Segment Start: MATERIAL TO PROCESS

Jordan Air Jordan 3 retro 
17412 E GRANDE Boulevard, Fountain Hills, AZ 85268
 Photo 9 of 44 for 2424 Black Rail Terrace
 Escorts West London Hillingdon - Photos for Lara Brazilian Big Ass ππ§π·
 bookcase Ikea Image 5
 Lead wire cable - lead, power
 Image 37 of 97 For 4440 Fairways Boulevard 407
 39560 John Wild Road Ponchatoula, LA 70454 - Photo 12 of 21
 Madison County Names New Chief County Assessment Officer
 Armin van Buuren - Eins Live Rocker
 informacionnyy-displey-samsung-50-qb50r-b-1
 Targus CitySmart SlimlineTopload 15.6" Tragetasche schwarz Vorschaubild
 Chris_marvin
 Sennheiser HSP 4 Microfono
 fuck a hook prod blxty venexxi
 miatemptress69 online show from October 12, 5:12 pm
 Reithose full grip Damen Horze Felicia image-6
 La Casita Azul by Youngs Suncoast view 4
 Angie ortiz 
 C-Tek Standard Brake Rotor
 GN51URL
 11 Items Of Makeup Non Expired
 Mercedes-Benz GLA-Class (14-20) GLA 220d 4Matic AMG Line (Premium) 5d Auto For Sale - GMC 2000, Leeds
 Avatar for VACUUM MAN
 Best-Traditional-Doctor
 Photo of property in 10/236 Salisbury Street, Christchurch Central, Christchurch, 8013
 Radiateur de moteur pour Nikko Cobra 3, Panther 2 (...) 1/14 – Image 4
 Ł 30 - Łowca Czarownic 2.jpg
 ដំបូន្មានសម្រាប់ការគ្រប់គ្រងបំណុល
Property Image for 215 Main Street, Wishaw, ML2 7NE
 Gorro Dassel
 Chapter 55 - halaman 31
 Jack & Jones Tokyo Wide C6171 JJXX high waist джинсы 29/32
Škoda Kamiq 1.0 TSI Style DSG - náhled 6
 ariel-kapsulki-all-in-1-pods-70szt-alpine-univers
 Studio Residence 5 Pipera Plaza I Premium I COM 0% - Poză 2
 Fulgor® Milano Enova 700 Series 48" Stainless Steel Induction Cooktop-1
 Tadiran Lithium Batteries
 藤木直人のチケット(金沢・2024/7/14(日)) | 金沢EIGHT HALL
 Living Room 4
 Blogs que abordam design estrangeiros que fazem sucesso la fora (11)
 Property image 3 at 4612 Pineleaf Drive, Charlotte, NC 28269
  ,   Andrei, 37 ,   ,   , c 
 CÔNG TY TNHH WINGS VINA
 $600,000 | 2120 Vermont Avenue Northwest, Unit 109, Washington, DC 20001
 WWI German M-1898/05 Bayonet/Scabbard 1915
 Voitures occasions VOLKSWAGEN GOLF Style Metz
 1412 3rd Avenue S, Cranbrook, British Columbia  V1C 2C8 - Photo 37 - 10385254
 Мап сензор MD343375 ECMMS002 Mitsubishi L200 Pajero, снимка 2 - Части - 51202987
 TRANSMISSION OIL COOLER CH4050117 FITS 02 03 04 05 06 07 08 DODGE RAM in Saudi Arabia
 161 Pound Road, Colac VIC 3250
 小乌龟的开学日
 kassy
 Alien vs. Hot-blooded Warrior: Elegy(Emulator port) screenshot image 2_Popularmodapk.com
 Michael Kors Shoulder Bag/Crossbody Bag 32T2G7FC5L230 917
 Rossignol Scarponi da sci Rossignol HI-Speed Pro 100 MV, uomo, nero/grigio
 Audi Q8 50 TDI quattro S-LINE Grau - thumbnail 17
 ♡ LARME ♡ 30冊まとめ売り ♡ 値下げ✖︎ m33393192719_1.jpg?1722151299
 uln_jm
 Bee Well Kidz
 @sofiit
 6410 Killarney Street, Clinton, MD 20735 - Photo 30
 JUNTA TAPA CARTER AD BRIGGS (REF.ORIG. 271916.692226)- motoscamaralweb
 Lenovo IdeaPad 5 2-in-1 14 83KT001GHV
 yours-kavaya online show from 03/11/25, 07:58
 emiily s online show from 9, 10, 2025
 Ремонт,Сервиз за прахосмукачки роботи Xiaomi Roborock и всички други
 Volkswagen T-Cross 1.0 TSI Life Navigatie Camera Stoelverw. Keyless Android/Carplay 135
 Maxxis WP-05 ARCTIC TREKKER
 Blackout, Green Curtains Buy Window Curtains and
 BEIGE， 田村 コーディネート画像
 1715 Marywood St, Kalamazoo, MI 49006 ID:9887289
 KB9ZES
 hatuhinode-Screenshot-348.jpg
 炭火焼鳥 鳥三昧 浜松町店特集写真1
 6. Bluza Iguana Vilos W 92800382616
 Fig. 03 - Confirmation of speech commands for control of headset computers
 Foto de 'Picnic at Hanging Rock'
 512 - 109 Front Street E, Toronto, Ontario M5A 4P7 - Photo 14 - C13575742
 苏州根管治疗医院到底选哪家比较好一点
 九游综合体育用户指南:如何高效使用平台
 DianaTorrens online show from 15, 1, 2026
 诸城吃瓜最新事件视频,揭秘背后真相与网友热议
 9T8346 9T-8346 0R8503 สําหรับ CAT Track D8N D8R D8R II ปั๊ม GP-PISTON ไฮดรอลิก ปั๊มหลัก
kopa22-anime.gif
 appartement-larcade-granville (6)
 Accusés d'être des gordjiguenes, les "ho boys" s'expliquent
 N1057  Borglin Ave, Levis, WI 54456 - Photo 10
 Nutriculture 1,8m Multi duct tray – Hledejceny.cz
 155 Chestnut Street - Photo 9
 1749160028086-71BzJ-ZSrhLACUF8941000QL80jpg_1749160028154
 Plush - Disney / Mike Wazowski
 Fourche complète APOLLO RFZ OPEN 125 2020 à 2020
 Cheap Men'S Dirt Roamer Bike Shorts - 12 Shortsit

Segment End: MATERIAL TO PROCESS

* WORK ORDER
Find the count of lines in the data above where the word "online" occurs, and write down only that count.

* RESPONSE FOR THIS EXERCISE
4